Homes and Property

Affordable homes axed to make way for Crossrail

By Ruth Bloomfield
A new development is planned for prime Fitzrovia, on a site where advertising firm Saatchi & Saatchi is currently based
A row has erupted after it emerged that new affordable homes for first-time buyers are being sacrificed to help pay for the Crossrail project. Plans for a development (right) in prime Fitzrovia, on a site where advertising firm Saatchi & Saatchi is currently based, include only 15 affordable homes out of a total of 55 new properties.

The development is in Camden, where council rules usually insist on half of all new homes being affordable. Instead, it has been revealed, the developer, Derwent London, will pay £1.3 million towards the new east-west rail link in exchange for building fewer first-time homes.

Plans have been drawn up to transform the offices of London’s most famous advertising agency, Saatchi & Saatchi, into the ultimate walk-to-work flats.
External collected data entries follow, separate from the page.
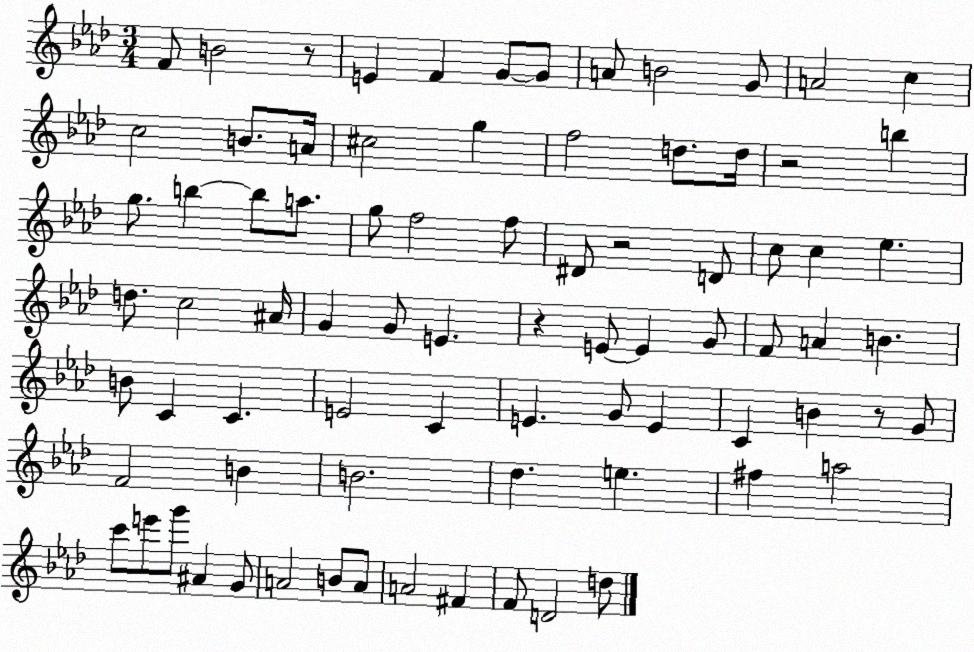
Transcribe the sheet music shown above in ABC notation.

X:1
T:Untitled
M:3/4
L:1/4
K:Ab
F/2 B2 z/2 E F G/2 G/2 A/2 B2 G/2 A2 c c2 B/2 A/4 ^c2 g f2 d/2 d/4 z2 b g/2 b b/2 a/2 g/2 f2 f/2 ^D/2 z2 D/2 c/2 c _e d/2 c2 ^A/4 G G/2 E z E/2 E G/2 F/2 A B B/2 C C E2 C E G/2 E C B z/2 G/2 F2 B B2 _d e ^f a2 c'/2 e'/2 g'/2 ^A G/2 A2 B/2 A/2 A2 ^F F/2 D2 d/2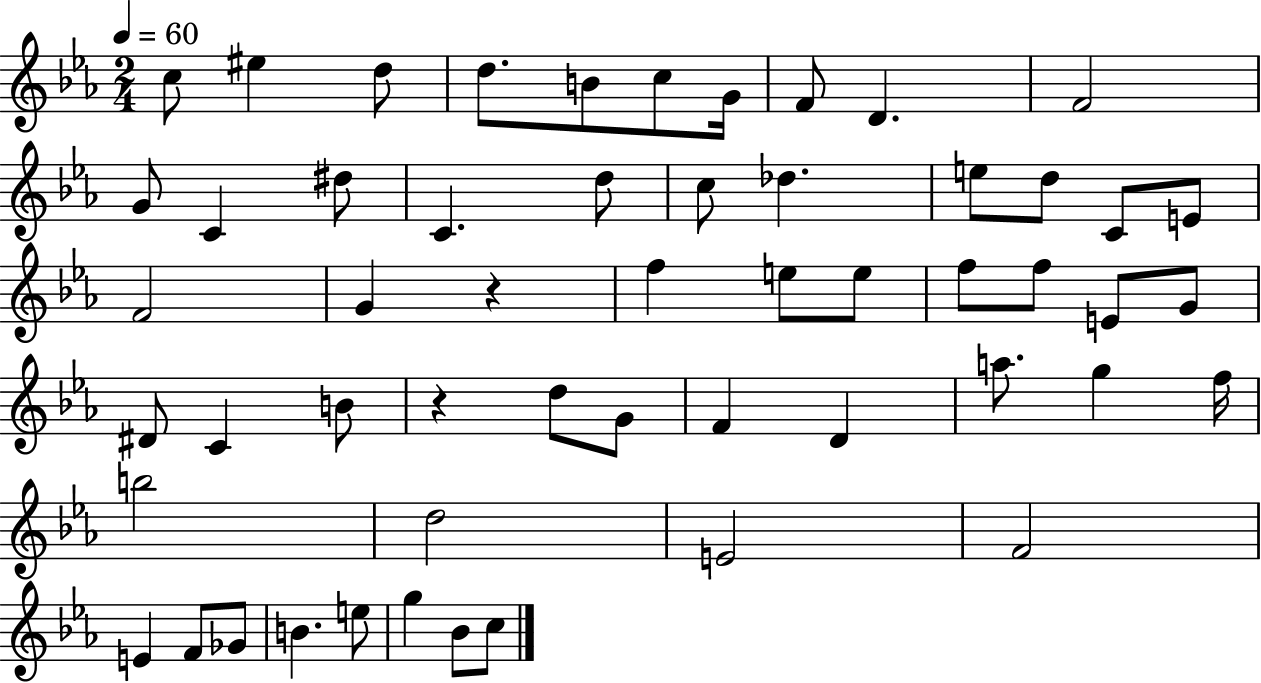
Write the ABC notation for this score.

X:1
T:Untitled
M:2/4
L:1/4
K:Eb
c/2 ^e d/2 d/2 B/2 c/2 G/4 F/2 D F2 G/2 C ^d/2 C d/2 c/2 _d e/2 d/2 C/2 E/2 F2 G z f e/2 e/2 f/2 f/2 E/2 G/2 ^D/2 C B/2 z d/2 G/2 F D a/2 g f/4 b2 d2 E2 F2 E F/2 _G/2 B e/2 g _B/2 c/2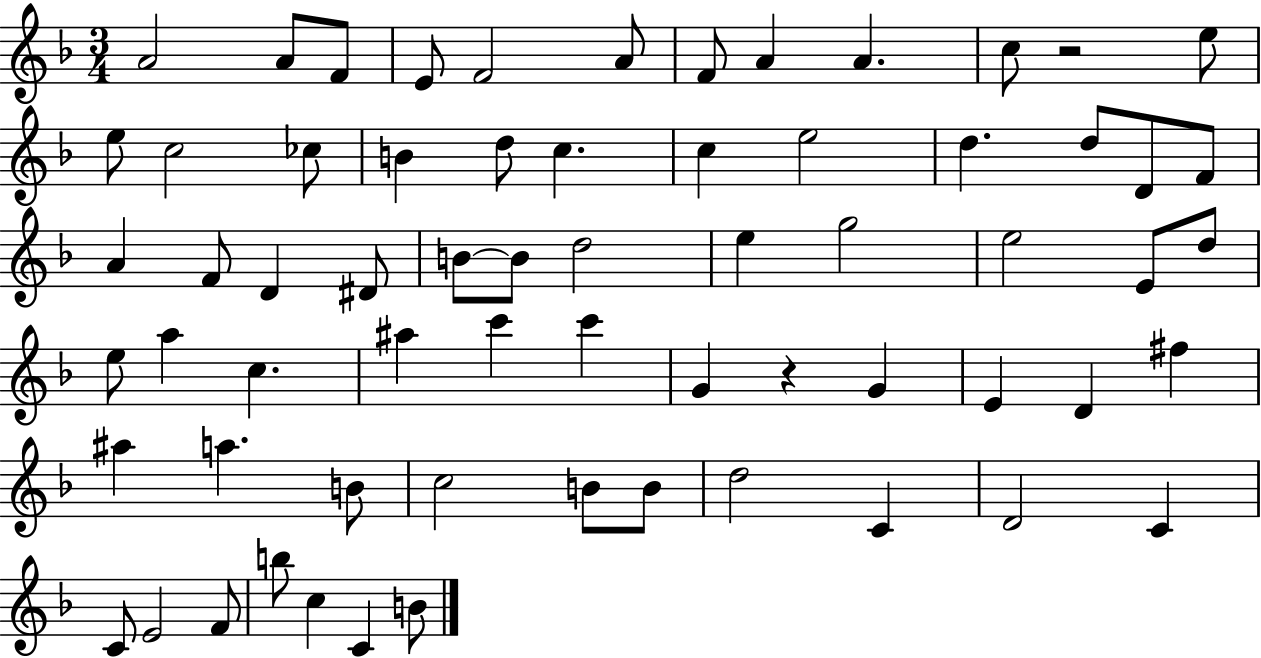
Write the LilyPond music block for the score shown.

{
  \clef treble
  \numericTimeSignature
  \time 3/4
  \key f \major
  a'2 a'8 f'8 | e'8 f'2 a'8 | f'8 a'4 a'4. | c''8 r2 e''8 | \break e''8 c''2 ces''8 | b'4 d''8 c''4. | c''4 e''2 | d''4. d''8 d'8 f'8 | \break a'4 f'8 d'4 dis'8 | b'8~~ b'8 d''2 | e''4 g''2 | e''2 e'8 d''8 | \break e''8 a''4 c''4. | ais''4 c'''4 c'''4 | g'4 r4 g'4 | e'4 d'4 fis''4 | \break ais''4 a''4. b'8 | c''2 b'8 b'8 | d''2 c'4 | d'2 c'4 | \break c'8 e'2 f'8 | b''8 c''4 c'4 b'8 | \bar "|."
}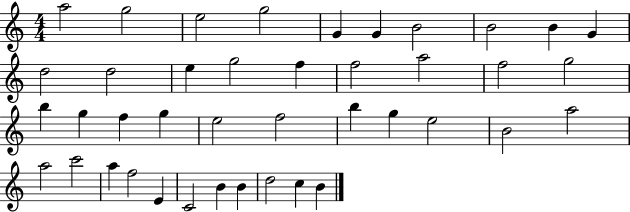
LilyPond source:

{
  \clef treble
  \numericTimeSignature
  \time 4/4
  \key c \major
  a''2 g''2 | e''2 g''2 | g'4 g'4 b'2 | b'2 b'4 g'4 | \break d''2 d''2 | e''4 g''2 f''4 | f''2 a''2 | f''2 g''2 | \break b''4 g''4 f''4 g''4 | e''2 f''2 | b''4 g''4 e''2 | b'2 a''2 | \break a''2 c'''2 | a''4 f''2 e'4 | c'2 b'4 b'4 | d''2 c''4 b'4 | \break \bar "|."
}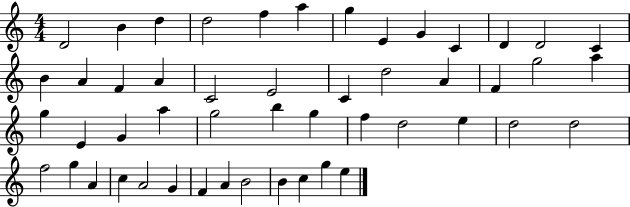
X:1
T:Untitled
M:4/4
L:1/4
K:C
D2 B d d2 f a g E G C D D2 C B A F A C2 E2 C d2 A F g2 a g E G a g2 b g f d2 e d2 d2 f2 g A c A2 G F A B2 B c g e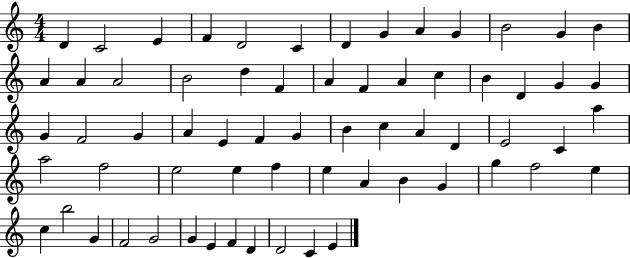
X:1
T:Untitled
M:4/4
L:1/4
K:C
D C2 E F D2 C D G A G B2 G B A A A2 B2 d F A F A c B D G G G F2 G A E F G B c A D E2 C a a2 f2 e2 e f e A B G g f2 e c b2 G F2 G2 G E F D D2 C E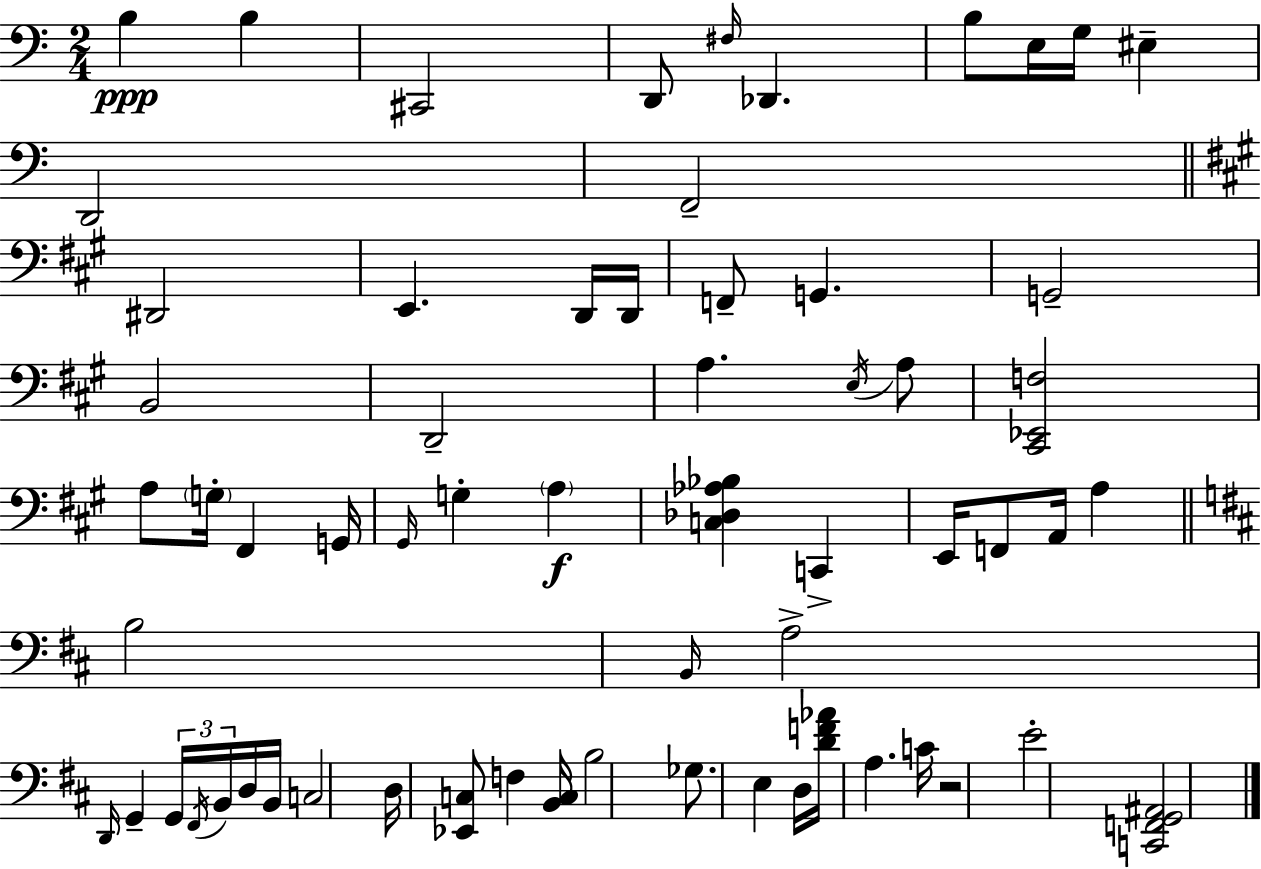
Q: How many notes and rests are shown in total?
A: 63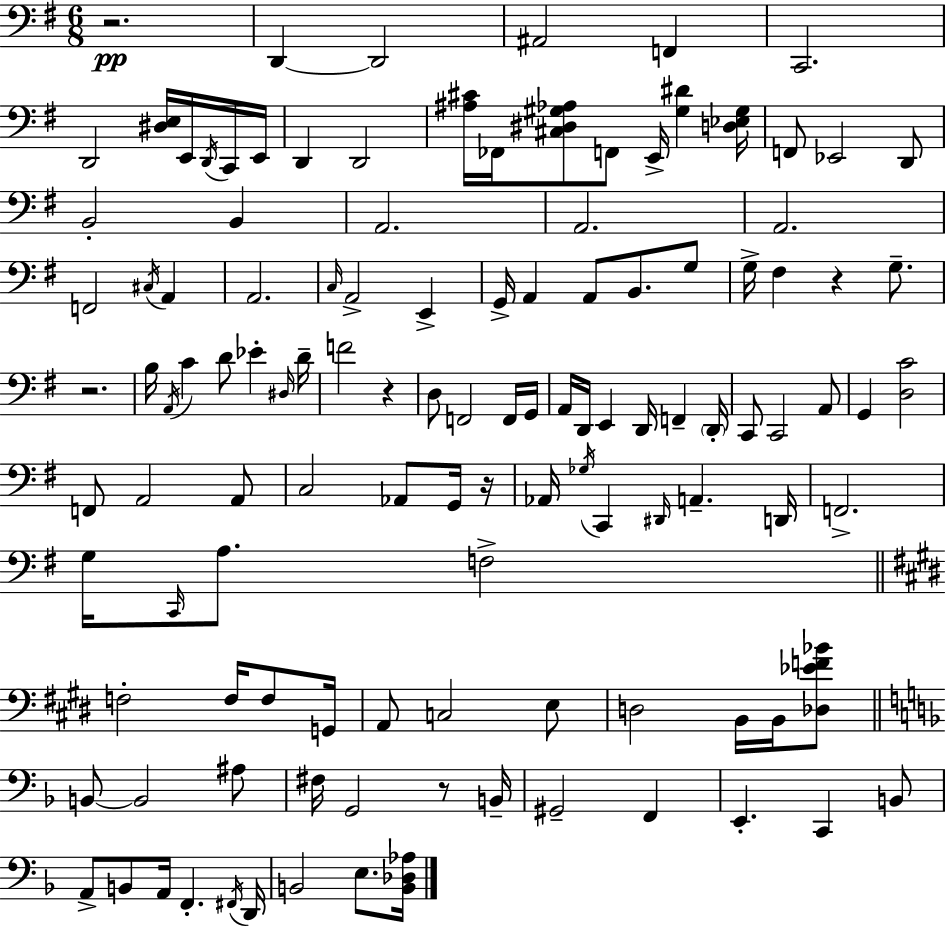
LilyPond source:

{
  \clef bass
  \numericTimeSignature
  \time 6/8
  \key g \major
  r2.\pp | d,4~~ d,2 | ais,2 f,4 | c,2. | \break d,2 <dis e>16 e,16 \acciaccatura { d,16 } c,16 | e,16 d,4 d,2 | <ais cis'>16 fes,16 <cis dis gis aes>8 f,8 e,16-> <gis dis'>4 | <d ees gis>16 f,8 ees,2 d,8 | \break b,2-. b,4 | a,2. | a,2. | a,2. | \break f,2 \acciaccatura { cis16 } a,4 | a,2. | \grace { c16 } a,2-> e,4-> | g,16-> a,4 a,8 b,8. | \break g8 g16-> fis4 r4 | g8.-- r2. | b16 \acciaccatura { a,16 } c'4 d'8 ees'4-. | \grace { dis16 } d'16-- f'2 | \break r4 d8 f,2 | f,16 g,16 a,16 d,16 e,4 d,16 | f,4-- \parenthesize d,16-. c,8 c,2 | a,8 g,4 <d c'>2 | \break f,8 a,2 | a,8 c2 | aes,8 g,16 r16 aes,16 \acciaccatura { ges16 } c,4 \grace { dis,16 } | a,4.-- d,16 f,2.-> | \break g16 \grace { c,16 } a8. | f2-> \bar "||" \break \key e \major f2-. f16 f8 g,16 | a,8 c2 e8 | d2 b,16 b,16 <des ees' f' bes'>8 | \bar "||" \break \key f \major b,8~~ b,2 ais8 | fis16 g,2 r8 b,16-- | gis,2-- f,4 | e,4.-. c,4 b,8 | \break a,8-> b,8 a,16 f,4.-. \acciaccatura { fis,16 } | d,16 b,2 e8. | <b, des aes>16 \bar "|."
}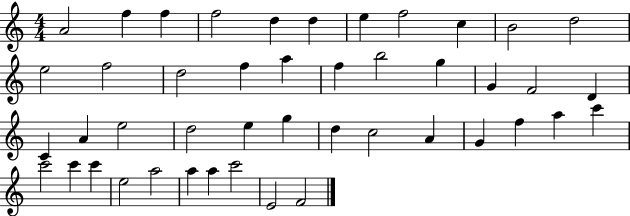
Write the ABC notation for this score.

X:1
T:Untitled
M:4/4
L:1/4
K:C
A2 f f f2 d d e f2 c B2 d2 e2 f2 d2 f a f b2 g G F2 D C A e2 d2 e g d c2 A G f a c' c'2 c' c' e2 a2 a a c'2 E2 F2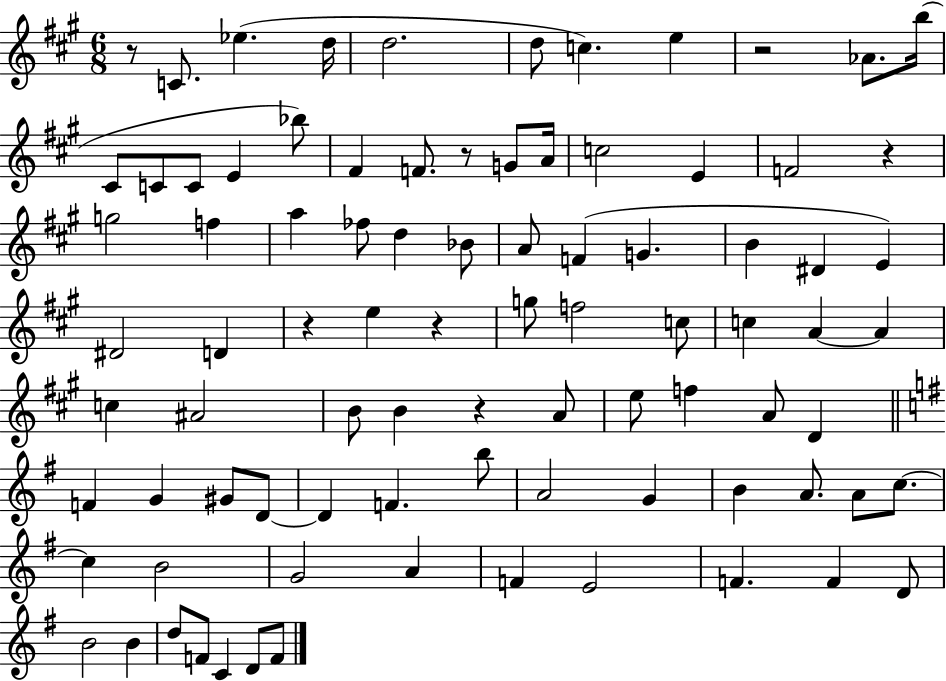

Property developers hope to reinvent what has become known as the “Saatchi block” - a prime swathe of land bounded by Charlotte Street, Whitfield Street and Charlotte Mews, in the heart of Fitzrovia.

The agency’s 1960s-built offices will remain standing, but the interlinked buildings around it will be remodelled to provide space for a public square, shops and 55 new one- and two-bedroom flats, 15 of which would be affordable and aimed at first time buyers.

This relatively low level of affordable housing has outraged local residents’ groups and MP Frank Dobson, who are objecting to the proposals.

But Camden Council says since the developers will be forced to make a £1.3m contribution to the Crossrail project as a condition of being granted planning permission, it would not be financially viable for them to offer any more flats for young Londoners on modest incomes.

The design of the scheme, by leading architects Make, has been praised by the Government’s design watchdog, the Commission for Architecture and the Built Environment, which describes it as having the “potential to act as a benchmark” for other schemes involving redevelopment and enlargement of existing city buildings.

However The Charlotte Street Association describes it as a “gross overdevelopment” which will increase the floorspace of the existing buildings by almost 70 per cent and bring “frenetic activity” to a “tranquil” corner of central London. It also calls for a full 50 per cent of the new flats to be affordable.

The Fitzrovia Neighbourhood Association objects on similar grounds, as does local MP Frank Dobson who accuses the council of failing to stick to its own policy of insisting on 50 per cent affordable homes in new schemes. “The proposal also seems to represent a grotesque overdevelopment of the site,” he added.

Despite the objections the council is expected to approve the plans. A report by council officers concluded that the level of affordable housing proposed is “acceptable”. “This is an excellent regeneration scheme …” it concludes.

As well as the new flats and office space, a public park is included in the design - it has been inspired by New York’s Paley Park, and at 231 sq metres, is around the same size.

The proposals are due to be approved by Camden Council’s development control committee on May 19.